As to Project Catalyze, the DOJ alleged:

“Goldman’s control functions had continued suspicions that Low was working on the third bond deal. Once again, however, the control functions relied solely on the deal team members’ denials of Low’s involvement without any further scrutiny.”

[…]

There was no follow-up by Goldman’s control functions about Low.

“Goldman also failed to address the other red flags that were raised by the proposed $3 billion transaction, including, once again, 1MDB raising large sums of money with no identified use of proceeds within months of Project Magnolia and Project Maximus, and Goldman’s failure to verify use of past bond proceeds. Adding to the transaction’s risks was the upcoming Malaysian general election, which directly affected the political future of Malaysian Official 1.”

Stated differently, Goldman’s internal controls were not great – or at the very least did not satisfy the statutory standards of “reasonable assurances” in the eyes of the DOJ/SEC.

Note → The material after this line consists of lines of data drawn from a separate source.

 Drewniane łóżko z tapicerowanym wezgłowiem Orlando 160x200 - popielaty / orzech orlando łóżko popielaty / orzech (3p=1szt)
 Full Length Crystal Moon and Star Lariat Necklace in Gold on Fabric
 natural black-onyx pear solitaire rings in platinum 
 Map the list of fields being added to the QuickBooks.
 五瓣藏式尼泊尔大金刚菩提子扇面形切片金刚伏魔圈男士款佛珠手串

But then again the FCPA does not specifically define what “reasonable assurances” is and most certainly does not mandate that issuers engage in electronic surveillance of employees.

Perhaps it was the “additional failures of Goldman’s controls functions” that tipped the scale. According to the DOJ:

“After the bond deals were completed, in or about and between March 2013 and February 2016, additional red flags were raised in the press and on internal phone calls among Goldman’s employees and executives about Low’s involvement in the deals and the possible payment of bribes in connection with the deals. Goldman failed to investigate these red flags or to perform an internal review of its role in the bond deals despite the clear implication that the deals had involved criminal wrongdoing. Further, high ranking employees of Goldman failed to escalate concerns about bribery and other criminal conduct related to the bond deals pursuant to Goldman’s escalation policy, which required that any Goldman employee who became aware of any conduct that could raise, among others, “a legal, compliance, reputational, ethical, accounting, [or] internal accounting control” issue to report such conduct immediately to a supervisor and Goldman’s control functions.”

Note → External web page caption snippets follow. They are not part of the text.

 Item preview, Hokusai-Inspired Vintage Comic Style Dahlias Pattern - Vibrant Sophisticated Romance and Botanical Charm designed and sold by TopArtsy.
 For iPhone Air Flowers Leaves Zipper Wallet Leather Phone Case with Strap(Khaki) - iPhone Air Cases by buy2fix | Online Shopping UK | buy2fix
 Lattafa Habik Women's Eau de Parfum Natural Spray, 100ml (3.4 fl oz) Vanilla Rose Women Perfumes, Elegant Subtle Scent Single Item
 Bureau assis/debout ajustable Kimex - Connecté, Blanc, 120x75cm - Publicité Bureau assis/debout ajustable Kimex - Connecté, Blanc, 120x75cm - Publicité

Yet , then again, such “woulda, coulda, shoulda” allegations could be made in many instances of employee misconduct.

The above information and analysis is not meant to excuse Goldman’s conduct, but merely to highlight the point that the conduct at issue in the Goldman matter was much different than certain other top ten FCPA enforcement actions and that the enforcement action raises the question of what should happen when compliance is decent (and often good), but not great.

Unlike other legal violations, there are not first degree FCPA violations, second degree FCPA violations, etc. But perhaps that distinction is worth exploring.